O filme “Silence”, que conta com interpretações de atores como Liam Neeson e Andrew Garfield, relata o percurso de dois jesuítas portugueses, duas personagens fictícias identificadas como Sebastião Rodrigues e Francisco Garupe, que partem à procura de outro sacerdote da Companhia de Jesus, Cristóvão Ferreira (1580-1650), este uma figura histórica, que teria renunciado à fé cristã após ser torturado.

“Não é de todo um filme épico ou apologético e daí o seu interesse. Nós ouvimos muito, e lemos, rezamos a história dos santos, dos mártires, e pouco temos contacto com o outro lado, com quem sofreu a perseguição e acabou por negar a fé”, realça o padre António Ary.

Questionado sobre se esta esta obra poderá de alguma forma influenciar a imagem que se tem da Companhia de Jesus, o sacerdote diz que não devem existir quaisquer complexos nesse campo.

“Nós não pretendemos como jesuítas ter tido apenas heróis e santos, somos pessoas normais com as nossas fragilidades”, salienta o jovem que entrou na Companhia de Jesus em 2005 e foi ordenado sacerdote este ano.

O padre António Ary viu o filme na companhia de cerca de 400 colegas da congregação, na sequência da ida do realizador Martin Scorsese a Roma para a apresentação do projeto, viagem que incluiu uma audiência com o Papa Francisco, também ele jesuíta.

Para o sacerdote português, nascido em França, trata-se de uma obra que “põe em imagens coisas muito concretas”, não só o que significa “renunciar à fé”, todo o drama pessoal e espiritual que isto encerra, mas “sobretudo o desejo missionário” que sempre caraterizou a Companhia de Jesus.

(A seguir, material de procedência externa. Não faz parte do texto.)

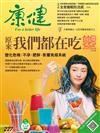 康健雜誌 10月號/2017 第227期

A aposta da congregação em “acompanhar comunidades que já existiam mas que estavam sobre perseguição”.

“E ilustra bem o que é o desejo da Companhia de levar o nome de Jesus e sobretudo ajudar outros a viver e conhecer a sua fé”, completa o padre António Ary.

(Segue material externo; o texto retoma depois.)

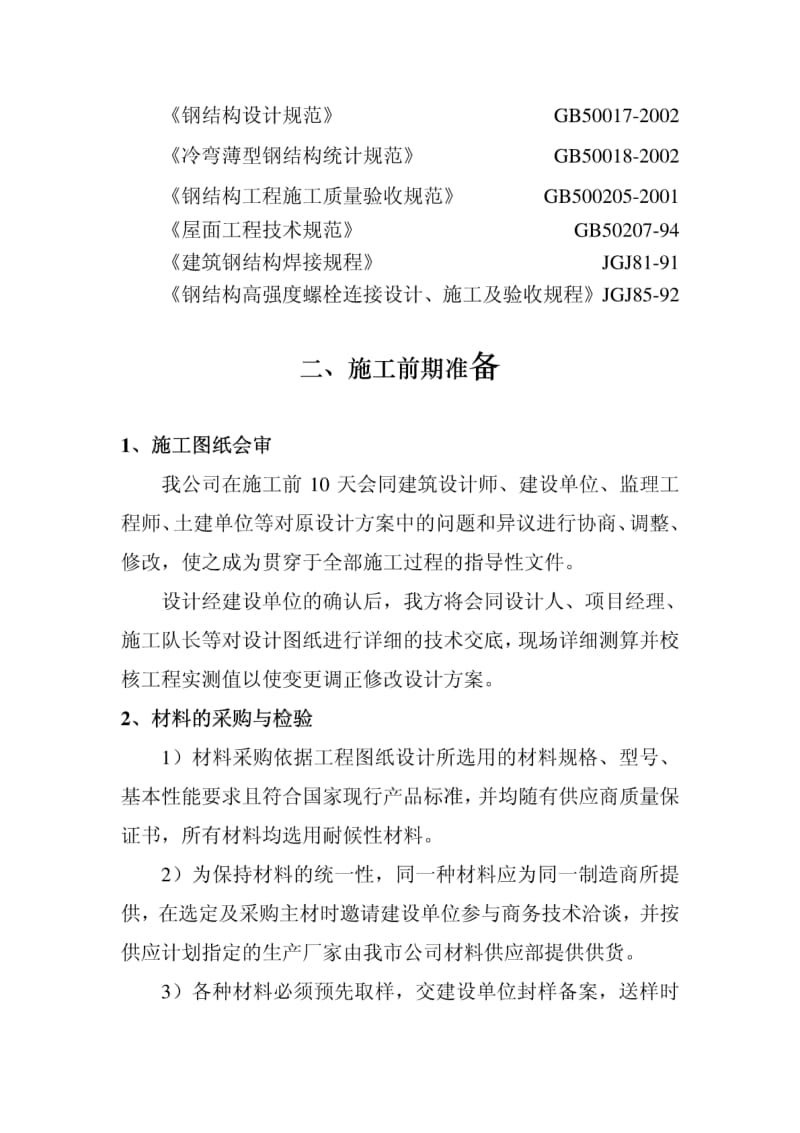 球形网架工程施工方案.pdf_第3页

Numa altura em que estão em marcha processos de canonização para diversos jesuítas portugueses que foram martirizados no Japão, o sacerdote acredita que esta película poderá ajudar a despertar a curiosidade do público em geral à volta da congregação, a conhecer melhor a sua história e carisma.

Quanto aos cristãos, o jesuíta português radicado em Roma admite que o filme “Silence” possa levar as pessoas a questionarem mais a sua fé, o modo como a vivem e testemunham.

Isto porque retrata uma forma de assumir a fé bem mais radical do que por exemplo carateriza o mundo “ocidental”, conclui.